To visit the Great Wall of China, you first need to decide which section you’d like to see. The sections nearest Beijing are the easiest to visit and each have unique characteristics: Badaling has complete military structures, Mutianyu is the longest and best-restored, Juyongguan has the most-used pass along with several temples, Jinshanling has a complete defensive system, Simatai allows night tours, Shuiguan was built over a river that has since ceased flowing, Jiankou is the most wild section that should only be visited by experienced hikers, and Huanghuacheng has the greatest variety in scenery.
The best time to visit the Great Wall of China is April-May when the weather is cooler and flowers are in bloom or September-November when temperatures go back down and the leaves start changing. Most sections of the wall are open 7 am-7 pm during the warmer months and 8 am-5 pm during the cold months.
You can get to the Great Wall of China by joining a tour or hiring a private taxi. Tours can cost anywhere from CNY500-800 ($75-120 USD) and will include stops to other places. A private taxi to the Wall can be as little as CNY500 ($75 USD) per person for a group or around CNY950 ($145 USD) for one person. Entrance fees for the different sections vary from CNY25-65 ($4-10 USD).
Over 10,000 watchtowers, spaced roughly 328 feet (100M) apart. Today, you will find the Great Wall of China much smaller than it used to be at 5,500 miles ((8,851km), though no less impressive. Time and man have caused sections of the wall to disappear, though there is still plenty for you to explore on your visit.
Patti from The Savvy Globetrotter
The Taj Mahal, a UNESCO World Heritage Site and one of the New 7 Wonders of the World, is a must on any travel bucket list. The white marble mausoleum was completed in 1643 by the Mughal emperor Shah Jahan as an eternal symbol of love for his favorite wife, Mumtaz Mahal, and it houses both of their tombs.

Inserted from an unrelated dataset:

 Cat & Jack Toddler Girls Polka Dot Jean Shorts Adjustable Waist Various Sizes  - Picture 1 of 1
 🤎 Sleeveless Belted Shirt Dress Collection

The grounds, which also include a mosque and gardens, are worth exploring but make sure to capture the iconic image of the Taj reflected in the water of the pool in front of it. While this landmark is jaw-dropping from far, an up-close look reveals intricate detail that is just as impressive.

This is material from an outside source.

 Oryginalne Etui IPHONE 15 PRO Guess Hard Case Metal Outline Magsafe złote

The Taj Mahal is located in the city of Agra in Uttar Pradesh which is approximately 206 km from New Delhi, the national capital of India. The fastest way and easiest way to reach Agra from New Delhi is by train. There is also a bus service from New Delhi but it is significantly slower. Once in Agra, you can hire a rickshaw or taxi to reach the Taj Mahal.
The Taj Mahal attracts millions of foreign and Indian tourists so it is usually very crowded. If you want to avoid crowds and extreme heat, it is best to enter when the gates open in the morning and walk quickly all the way to the reflecting pool in front of the main building.
There is an admission fee for entry – currently 1100 rupees for most foreigner tourists but the price is lower for Indian citizens and citizens of certain countries. There is also an extra optional fee of 200 rupees for those that want to visit the inside of the main mausoleum.
Historical Places to Visit in Australia
Chris Fry of Aquarius Traveller
Ayers Rock or the Aboriginal Name “Uluru” is a red sandstone rock formation located in the centre of Australia and listed as a UNESCO world heritage site. Rising 348 Metres (1142 Feet) above the surrounding desert plains, it’s no wonder that Ayers Rock (Uluru) is visited by over 300,000 tourists each year.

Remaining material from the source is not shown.